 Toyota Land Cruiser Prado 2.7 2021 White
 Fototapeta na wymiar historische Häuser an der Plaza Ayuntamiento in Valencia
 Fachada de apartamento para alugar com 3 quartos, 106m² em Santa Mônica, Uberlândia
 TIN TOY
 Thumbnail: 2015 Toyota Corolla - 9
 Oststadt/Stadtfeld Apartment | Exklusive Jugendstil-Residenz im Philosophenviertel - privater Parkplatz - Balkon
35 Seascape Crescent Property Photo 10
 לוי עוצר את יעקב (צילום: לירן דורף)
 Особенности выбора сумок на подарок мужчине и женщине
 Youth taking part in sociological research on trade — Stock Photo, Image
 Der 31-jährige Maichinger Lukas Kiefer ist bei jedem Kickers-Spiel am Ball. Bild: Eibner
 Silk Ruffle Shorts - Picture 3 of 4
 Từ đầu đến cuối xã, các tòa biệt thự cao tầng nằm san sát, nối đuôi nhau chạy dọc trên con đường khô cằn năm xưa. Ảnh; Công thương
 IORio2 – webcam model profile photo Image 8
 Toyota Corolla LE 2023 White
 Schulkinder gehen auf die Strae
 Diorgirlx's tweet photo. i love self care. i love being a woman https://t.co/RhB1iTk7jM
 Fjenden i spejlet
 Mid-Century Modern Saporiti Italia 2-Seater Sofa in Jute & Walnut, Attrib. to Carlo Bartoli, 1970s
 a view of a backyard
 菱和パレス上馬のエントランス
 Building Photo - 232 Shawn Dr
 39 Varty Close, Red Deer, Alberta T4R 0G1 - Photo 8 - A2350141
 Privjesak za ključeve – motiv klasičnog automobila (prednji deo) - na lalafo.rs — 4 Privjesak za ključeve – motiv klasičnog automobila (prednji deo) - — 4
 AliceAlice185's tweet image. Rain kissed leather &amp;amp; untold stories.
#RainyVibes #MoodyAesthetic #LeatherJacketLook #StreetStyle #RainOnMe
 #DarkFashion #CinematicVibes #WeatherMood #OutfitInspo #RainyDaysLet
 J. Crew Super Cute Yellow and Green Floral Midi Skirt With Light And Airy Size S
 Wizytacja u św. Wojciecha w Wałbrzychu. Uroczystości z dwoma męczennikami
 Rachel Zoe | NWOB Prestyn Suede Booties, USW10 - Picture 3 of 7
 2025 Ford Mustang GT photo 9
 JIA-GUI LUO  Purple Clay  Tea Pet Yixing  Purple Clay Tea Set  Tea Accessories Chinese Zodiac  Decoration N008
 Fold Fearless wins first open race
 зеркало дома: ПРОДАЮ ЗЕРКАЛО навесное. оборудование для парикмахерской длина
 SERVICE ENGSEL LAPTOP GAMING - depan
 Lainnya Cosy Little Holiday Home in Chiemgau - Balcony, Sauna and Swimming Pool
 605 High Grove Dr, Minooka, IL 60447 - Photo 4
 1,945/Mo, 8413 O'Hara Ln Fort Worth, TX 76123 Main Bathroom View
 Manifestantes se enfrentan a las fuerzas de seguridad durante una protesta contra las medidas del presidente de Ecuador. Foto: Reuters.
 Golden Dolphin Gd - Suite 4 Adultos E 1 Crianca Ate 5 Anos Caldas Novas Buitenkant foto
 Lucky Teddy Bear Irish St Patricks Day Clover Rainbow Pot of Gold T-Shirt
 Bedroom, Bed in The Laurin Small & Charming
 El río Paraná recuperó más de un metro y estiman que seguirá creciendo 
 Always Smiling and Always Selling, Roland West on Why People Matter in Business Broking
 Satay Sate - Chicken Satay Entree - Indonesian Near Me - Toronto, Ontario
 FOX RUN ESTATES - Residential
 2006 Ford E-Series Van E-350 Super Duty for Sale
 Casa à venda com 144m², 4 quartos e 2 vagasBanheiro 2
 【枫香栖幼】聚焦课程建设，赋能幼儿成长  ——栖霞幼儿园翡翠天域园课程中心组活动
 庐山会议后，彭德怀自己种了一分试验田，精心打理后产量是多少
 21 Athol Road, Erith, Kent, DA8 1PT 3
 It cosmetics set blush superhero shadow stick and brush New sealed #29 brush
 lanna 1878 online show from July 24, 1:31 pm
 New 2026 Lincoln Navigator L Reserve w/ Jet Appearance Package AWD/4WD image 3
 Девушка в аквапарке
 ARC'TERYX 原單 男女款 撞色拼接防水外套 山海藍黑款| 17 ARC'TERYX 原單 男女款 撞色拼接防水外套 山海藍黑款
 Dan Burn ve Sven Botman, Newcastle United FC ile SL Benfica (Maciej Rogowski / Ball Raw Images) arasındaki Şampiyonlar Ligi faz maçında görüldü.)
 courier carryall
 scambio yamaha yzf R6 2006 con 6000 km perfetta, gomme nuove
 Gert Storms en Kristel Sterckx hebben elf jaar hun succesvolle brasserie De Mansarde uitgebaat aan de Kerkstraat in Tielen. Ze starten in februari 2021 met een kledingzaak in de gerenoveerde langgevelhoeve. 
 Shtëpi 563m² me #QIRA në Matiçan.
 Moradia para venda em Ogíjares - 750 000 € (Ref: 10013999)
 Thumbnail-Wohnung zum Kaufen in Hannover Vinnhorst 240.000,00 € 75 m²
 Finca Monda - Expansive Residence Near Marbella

· · · ·

- _TASK TO COMPLETE_: Look through the entries above and quote exactly the lines from the line with "Thumbnail: 2015 Toyota Corolla - 9" to the line with "IORio2 – webcam model profile photo Image 8", counting both of those lines.

- _RESPONSE TO THIS TASK_:
 Thumbnail: 2015 Toyota Corolla - 9
 Oststadt/Stadtfeld Apartment | Exklusive Jugendstil-Residenz im Philosophenviertel - privater Parkplatz - Balkon
35 Seascape Crescent Property Photo 10
 לוי עוצר את יעקב (צילום: לירן דורף)
 Особенности выбора сумок на подарок мужчине и женщине
 Youth taking part in sociological research on trade — Stock Photo, Image
 Der 31-jährige Maichinger Lukas Kiefer ist bei jedem Kickers-Spiel am Ball. Bild: Eibner
 Silk Ruffle Shorts - Picture 3 of 4
 Từ đầu đến cuối xã, các tòa biệt thự cao tầng nằm san sát, nối đuôi nhau chạy dọc trên con đường khô cằn năm xưa. Ảnh; Công thương
 IORio2 – webcam model profile photo Image 8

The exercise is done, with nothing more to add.